Он с презрением потрепал одну полу своего ветхого пальто, и Терентий Прищепа, окинувший его костюм внимательным, оценивающим взглядом, сочувственно заметил:
- Да, дипломат не того… Небось, уж блошка в нем не заведется…
Потом прибавил уверенным и спокойным голосом:
- Замерзнешь ты, парень, в нем… стыть-то какая…
Эта уверенность сообщилась вдруг и товарищу прокурора. - В самом деле, холодно, точно и не весна, и Семен застынет в своей жалкой хламиде. У меня - на гагачьем пуху, и то зябну… Хорошо бы теперь горячего чаю с коньяком…
Когда мысль от костюма Семена Парийского перескочила на коньяк, свежесть мартовского вечера почувствовалась еще ощутительнее и напомнила товарищу прокурора о том, что в корзинке ведь есть же бутылка коньяку, которую когда-нибудь да надо начать…
- Приостанови-ка, Терентий, - сказать он, - тут у меня есть… согревающее…
Терентий с готовностью тпрукнул и слез с козел. Достали из небольшой изящной корзиночки несколько бумажных свертков: один с колбасой, другой с чайным стаканом, третий с остатками ветчины, наконец, четвертый - с бутылкой. Товарищ прокурора вынул из кармана ножичек со штопором, который поразил Терентия своим остроумным устройством, и стал ввертывать его в пробку. Семен Парийский и Терентий смотрели на его работу молча и почтительно.
Пить коньяк из чайного стакана было не так приятно, как из рюмки, но оригинально, и Василий Евстафьич крякнул не без удовольствия. Когда он подал стакан Парийскому, тот, прежде чем выпить, сказал:
- Со свиданием, Василий Евстафьич.
Выпил и на секунду как бы оцепенел, неподвижно глядя в закутанное серым сумраком пространство.
- Ф-фу-у… а-а!.. - произнес он, изумленно тряхнув головой.

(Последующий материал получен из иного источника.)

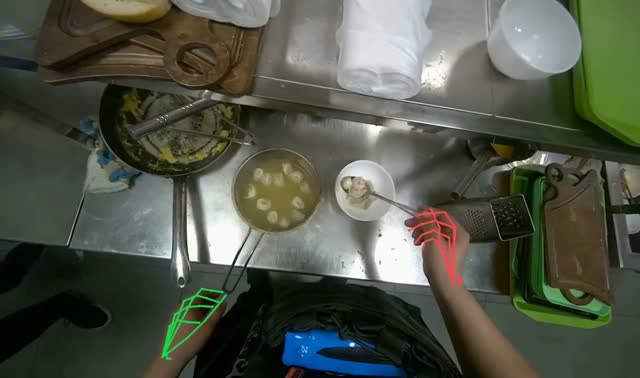 Preparing dumplings for serving: egocentric robotics sample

Терентий, принявши стакан, снял картуз, перекрестился два раза на восток и тогда уже выпил. Потом тоже качнул головой, выражая свое изумление перед напитком, и перехваченным, еле слышным голосом выговорил:
- У-у, какая духовитая…
Закусили колбасой, - Терентий, впрочем, отказался, опасаясь греха: была как раз Страстная неделя. Повторили еще раз. И когда приятное, оживляющее тепло протекло по животу, прилило к лицу и застучало в виски, стало неудержимо весело, смешно.
- Я окончательно пришиблен своей судьбой. Василий Евстафьич, - говорил Семен Парийский тоном полного удовольствия, когда снова тронулись в дорогу: - помимо всего прочего, болезнь во мне засела. Что за болезнь, сами доктора не определят. Кашель. Коклюш, кажется, называется. Такой кашель иной раз, - пища в нутре даже не держится. А раньше того живот у меня рос, трудно даже ходить было. Сказали мне: надо сулему пить. Пил сулему и вострую водку, - живот, действительно, опал, а здоровья нет.